Astronomers rarely use Microsoft products for analysis. I would use IDL (but that is a paid software). There's probably python packages in atrophy which could do it - Brooke (vrooje) would be the best person to ask about that.

There a paper by Cameron (? don't remember year, maybe 2010) which discussed methods for calculating errors on fractions near 0 and 1. Did you find that? I think we cite it in the Galaxy Zoo: Bars in Disc galaxies paper.

Posted March 14, 2014 4:35 PM
by JeanTate in response to klmasters's comment.

Thanks Karen.

For the Quench project, I intend to stick to using tools any ordinary zooite has access to (and likely familiarity with), hence things like MS Excel and Open Office; for my own research outside Quench, I am always on the lookout for (free!) tools and approaches I can fairly easily master, such as those based on Python. IDL is, obviously, not on my radar. 😦

There a paper by Cameron (? don't remember year, maybe 2010) which discussed methods for calculating errors on fractions near 0 and 1. Did you find that? I think we cite it in the Galaxy Zoo: Bars in Disc galaxies paper.

No, I did not find that; thanks for the pointer! 😄

Posted March 14, 2014 6:17 PM
by JeanTate in response to klmasters's comment.

There a paper by Cameron (? don't remember year, maybe 2010) which discussed methods for calculating errors on fractions near 0 and 1. Did you find that? I think we cite it in the Galaxy Zoo: Bars in Disc galaxies paper.

The "Galaxy Zoo: Bars in Disc galaxies paper" is Melvin+ 2014, which cites Cameron+ 2010.

I did not find anything in Cameron+ 2010 on "methods for calculating errors on fractions near 0 and 1", perhaps it was in another paper Melvin+ 2014 cited?

In any case, in Melvin+ 2014, there's the following re error bars (formatting not copied faithfully! but I hope the equation is correct despite that):

Each point is labelled with the number of barred disc galaxies (N_bar) over the total number of disc galaxies (N_disc) observed within the given bin. We show 1σ errors for each point (grey), with the errors calculated as follows;

σ_f = SQRT((f_bar * (1-f_bar))/N_disc)

Posted April 25, 2014 3:46 PM
by JeanTate in response to JeanTate's comment.

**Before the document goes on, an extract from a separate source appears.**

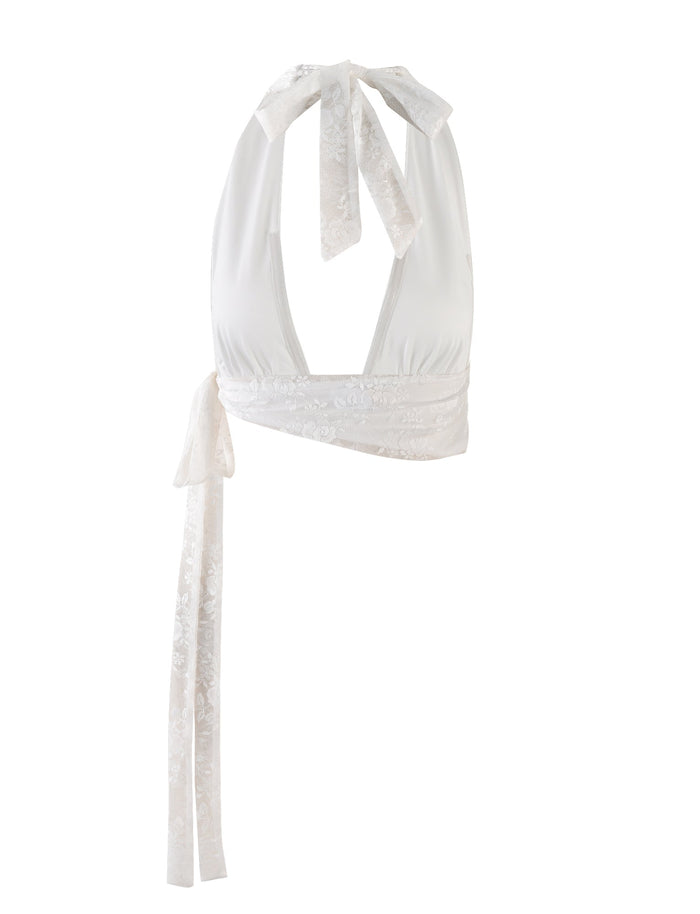 The Florian Top in white lace from Tigermist features a deep V-neck and delicate lace detailing. This high-stretch halter design ties around the neck and wraps around the torso, finishing with a long lace ribbon at the back. The crop length adds a modern twist to its feminine, slightly sheen fabric.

Digging a bit deeper, Cameron+ 2010 say this about the error bars (in their Figure 3, which is similar to Melvin+ 2014's Figure 7*):

We also note that the error bars shown in Fig. 3 reflect the Poisson uncertainties only;

And Melvin+ 2014 also to Poisson (re their Figure 9, which is also similar):

green tramlines which represent Poissonian errors

Hmm, where did I read about a problem with Poisson error bars? Here: Those Deceiving Error Bars, from a blog by Tommaso Dorigo (one of my fave physics blogs). The context is HEP (high energy physics), but it seems quite pertinent here. Consider this (my emphasis):

So what's the problem with Poisson error bars ? The problem is that those error bars are not representing exactly what we would want them to. A "plus-or-minus-one-sigma" error bar is one which should "cover", on average, 68% of the time the true value of the unknown quantity we have measured: 68% is the fraction of area of a Gaussian distribution contained within -1 and +1 sigma. For Gaussian-distributed random variables a 1-sigma error bar is always a sound idea, but for Poisson-distributed data it is not typically so. What's worse, we do not know what the true variance is, because we only have an estimate of it (N), while the variance is equal to the true value (m). In some cases this makes a huge difference. [...] Worse still is the fact that the Poisson distribution, for small (m<50 or so) expected counts, is not really symmetric. This causes the +-sqrt(N) bar to misrepresent the situation very badly for small N. Let us see this with an example.

He goes on:

The solution, of course, is to try and draw error bars that correspond more precisely to the 68% coverage they should be taken to mean. But how to do that ? We simply cannot: as I explained above, we observe N, but we do not know m, so we do not know the variance. Rather, we should realize that the problem is ill-posed. If we observe N, that measurement has NO uncertainty: that is what we saw, with 100% probability. Instead, we should apply a paradigm shift, and insist that the uncertainty should be drawn around the model curve we want to compare our data points to, and not around the data points!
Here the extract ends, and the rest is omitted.